Task
Go through the entries below. Copy out every line that contains "Digital".

Short text fragments from websites:
>>>

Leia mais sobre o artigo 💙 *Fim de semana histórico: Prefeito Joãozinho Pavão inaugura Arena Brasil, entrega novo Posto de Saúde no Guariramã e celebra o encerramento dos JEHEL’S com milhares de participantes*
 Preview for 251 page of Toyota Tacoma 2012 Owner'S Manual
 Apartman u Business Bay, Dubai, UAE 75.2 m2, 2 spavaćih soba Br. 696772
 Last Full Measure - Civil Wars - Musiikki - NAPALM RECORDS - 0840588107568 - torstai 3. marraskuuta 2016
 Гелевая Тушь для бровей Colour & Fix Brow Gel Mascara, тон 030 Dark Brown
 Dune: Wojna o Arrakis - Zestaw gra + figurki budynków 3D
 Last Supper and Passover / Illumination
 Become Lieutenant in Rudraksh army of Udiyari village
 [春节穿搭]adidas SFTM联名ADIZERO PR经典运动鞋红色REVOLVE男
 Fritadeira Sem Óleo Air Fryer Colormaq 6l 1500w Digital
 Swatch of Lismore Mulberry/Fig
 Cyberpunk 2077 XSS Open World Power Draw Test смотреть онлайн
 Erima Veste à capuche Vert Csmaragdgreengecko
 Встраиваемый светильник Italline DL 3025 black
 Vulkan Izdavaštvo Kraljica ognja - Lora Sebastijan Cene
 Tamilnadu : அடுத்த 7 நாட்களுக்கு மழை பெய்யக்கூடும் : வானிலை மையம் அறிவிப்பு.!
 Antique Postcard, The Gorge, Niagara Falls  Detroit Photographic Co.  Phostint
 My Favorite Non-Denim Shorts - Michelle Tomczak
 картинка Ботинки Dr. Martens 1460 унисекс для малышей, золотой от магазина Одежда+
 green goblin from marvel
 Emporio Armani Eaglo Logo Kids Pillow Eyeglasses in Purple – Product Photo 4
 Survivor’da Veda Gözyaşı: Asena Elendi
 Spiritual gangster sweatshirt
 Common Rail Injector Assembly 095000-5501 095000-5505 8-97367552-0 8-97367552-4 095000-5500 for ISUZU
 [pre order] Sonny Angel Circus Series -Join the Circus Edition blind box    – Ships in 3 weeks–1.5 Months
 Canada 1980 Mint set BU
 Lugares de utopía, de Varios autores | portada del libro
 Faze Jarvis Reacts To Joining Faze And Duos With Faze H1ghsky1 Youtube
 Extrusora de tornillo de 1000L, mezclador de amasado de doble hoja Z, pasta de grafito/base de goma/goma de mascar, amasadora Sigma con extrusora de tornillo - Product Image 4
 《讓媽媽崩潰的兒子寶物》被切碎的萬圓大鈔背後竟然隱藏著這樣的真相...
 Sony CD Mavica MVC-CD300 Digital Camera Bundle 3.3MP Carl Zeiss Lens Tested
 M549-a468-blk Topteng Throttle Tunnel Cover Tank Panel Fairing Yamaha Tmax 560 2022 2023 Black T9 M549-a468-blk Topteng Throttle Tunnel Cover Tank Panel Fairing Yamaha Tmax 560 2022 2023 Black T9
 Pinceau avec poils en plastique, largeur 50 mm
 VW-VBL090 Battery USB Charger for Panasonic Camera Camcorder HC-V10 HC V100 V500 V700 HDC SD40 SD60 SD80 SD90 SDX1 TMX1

<<<

Your solution
 Fritadeira Sem Óleo Air Fryer Colormaq 6l 1500w Digital
 Sony CD Mavica MVC-CD300 Digital Camera Bundle 3.3MP Carl Zeiss Lens Tested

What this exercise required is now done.